Un anno fa non avrei mai pensato che certe scene potessero esistere al di fuori dai film romantici.

Un anno fa non avrei mai pensato che potesse esistere qualcuno che ama farmi le coccole quanto io amo riceverne.

Un anno fa non avrei mai pensato che potessi miagolare liberamente con qualcuno.

Un anno fa non avrei mai pensato che avrei potuto soffrire così tanto per una settimana di separazione ("ci sono abituata" un cavolo...).

Un anno fa non avrei mai pensato che mi sarei appassionata allo spazio così tanto.

Un anno fa e due giorni fa non avrei mai pensato di poter diventare fan di Star Trek.

Un anno fa non avrei mai pensato che si potesse codificare un linguaggio comune in modo così complesso.

Un anno fa non pensavo fosse possibile completarsi le frasi a vicenda.

Un anno fa non avrei mai pensato che qualcuno potesse volere il mio alter lego.

Un anno fa non avrei mai pensato potesse esistere la gommini evoluzionista

Un anno fa non avrei mai pensato che fosse possibile non avere segreti di nessun tipo.

Vabbè, diciamocelo... un anno fa non capivo un gran che di tante cose.

365 volte grazie per avermi aperto gli occhi.


sabato 24 maggio 2014

Indiana Michi e la tecnologia (ovvero Ode ad AD Blues)

Interrompiamo il resoconto dei festeggiamenti del compleanno del secolo per raccontare un fatto di maggiore attualità.
Indiana Michi fa finta molto bene di essere brava con la tecnologia, ma in realtà è tutta scena. Sul curriculum c'è scritto che conosce alcuni linguaggi di programmazione (vabbè, mo non famo le splendide... due, ne conosce due) e che usa correntemente tre diversi sistemi operativi. Che, per inciso, è vero.
Quello che non c'è scritto, però, è che se le chiedi cos'è una RAM inizia a sudare freddo. Che se deve comprare un nuovo computer entra in panico. Che quando AmicoIngegnere le ha insegnato via skype ad aprire il vecchio portatile per togliere la polvere, e ci è riuscita, si è sentita come se avesse costruito lo Shuttle.

E insomma quando ha un problema con il computer tendenzialmente Indiana Michi si mette le mani nei capelli e chiede aiuto in lacrime al primo amico nerd che le capita sotto le grinfie (di solito Alex in caso di problemi con Mac e Linux, AmicoG e AmicoIngegnere in caso di problemi con Windows. In caso di problemi hardware tendenzialmente vanno bene tutti e tre).

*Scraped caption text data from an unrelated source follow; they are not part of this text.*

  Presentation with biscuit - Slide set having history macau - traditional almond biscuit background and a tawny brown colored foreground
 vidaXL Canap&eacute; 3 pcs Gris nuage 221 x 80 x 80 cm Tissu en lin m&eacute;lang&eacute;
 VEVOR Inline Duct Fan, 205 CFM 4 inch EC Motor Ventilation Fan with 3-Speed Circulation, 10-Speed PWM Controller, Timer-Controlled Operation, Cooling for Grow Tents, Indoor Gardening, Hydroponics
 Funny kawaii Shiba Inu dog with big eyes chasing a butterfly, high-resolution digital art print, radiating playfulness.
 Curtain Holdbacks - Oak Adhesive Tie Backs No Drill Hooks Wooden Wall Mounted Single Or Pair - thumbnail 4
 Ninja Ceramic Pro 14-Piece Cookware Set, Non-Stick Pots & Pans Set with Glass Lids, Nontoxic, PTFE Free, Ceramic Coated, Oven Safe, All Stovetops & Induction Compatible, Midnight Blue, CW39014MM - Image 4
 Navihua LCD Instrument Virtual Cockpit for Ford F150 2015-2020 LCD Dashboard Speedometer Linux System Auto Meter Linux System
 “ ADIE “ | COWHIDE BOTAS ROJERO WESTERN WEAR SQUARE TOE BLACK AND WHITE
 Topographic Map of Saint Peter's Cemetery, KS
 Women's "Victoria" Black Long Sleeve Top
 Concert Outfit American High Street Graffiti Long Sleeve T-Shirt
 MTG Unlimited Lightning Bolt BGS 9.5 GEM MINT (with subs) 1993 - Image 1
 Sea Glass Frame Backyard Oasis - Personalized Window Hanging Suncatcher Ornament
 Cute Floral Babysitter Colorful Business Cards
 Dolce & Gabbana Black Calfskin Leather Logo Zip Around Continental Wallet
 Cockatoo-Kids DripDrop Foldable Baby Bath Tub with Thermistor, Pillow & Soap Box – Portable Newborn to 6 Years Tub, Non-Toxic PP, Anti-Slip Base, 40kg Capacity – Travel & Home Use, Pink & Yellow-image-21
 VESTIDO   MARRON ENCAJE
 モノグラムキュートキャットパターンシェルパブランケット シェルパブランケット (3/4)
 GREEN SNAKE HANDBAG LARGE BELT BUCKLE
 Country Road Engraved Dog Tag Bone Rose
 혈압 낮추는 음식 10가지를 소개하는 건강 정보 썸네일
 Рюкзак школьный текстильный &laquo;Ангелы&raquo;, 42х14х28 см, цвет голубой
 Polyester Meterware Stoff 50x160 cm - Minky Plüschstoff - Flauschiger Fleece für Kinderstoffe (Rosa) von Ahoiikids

La settimana scorsa, a Roma, seduta fra Alex, AmicoG e AmicoIngegnere (e pure Goldie e Gipo, che non si sa mai... mancava solo 4ngel0 e costruivano lo Shuttle sul serio) Indiana Michi si è accorta che il lettore DVD del suo Mac sputava i film invece di leggerli. E che ha fatto? Ha presentato il problema al comitato tecnico al gran completo (dopo la pasta alla gricia e la zuppa inglese difficilmente le avrebbero negato qualcosa)? NOOOO, sarebbe stato troppo furbo! Ha dato il DVD ad AmicoG e l'hanno visto da un altro computer.

Tornata a Londra sola soletta il problema si è ripresentato. Con tutti i DVD possibili. E Indiana Michi di DVD ne ha davvero tanti (da HMV costano 3 sterline, come resistere???).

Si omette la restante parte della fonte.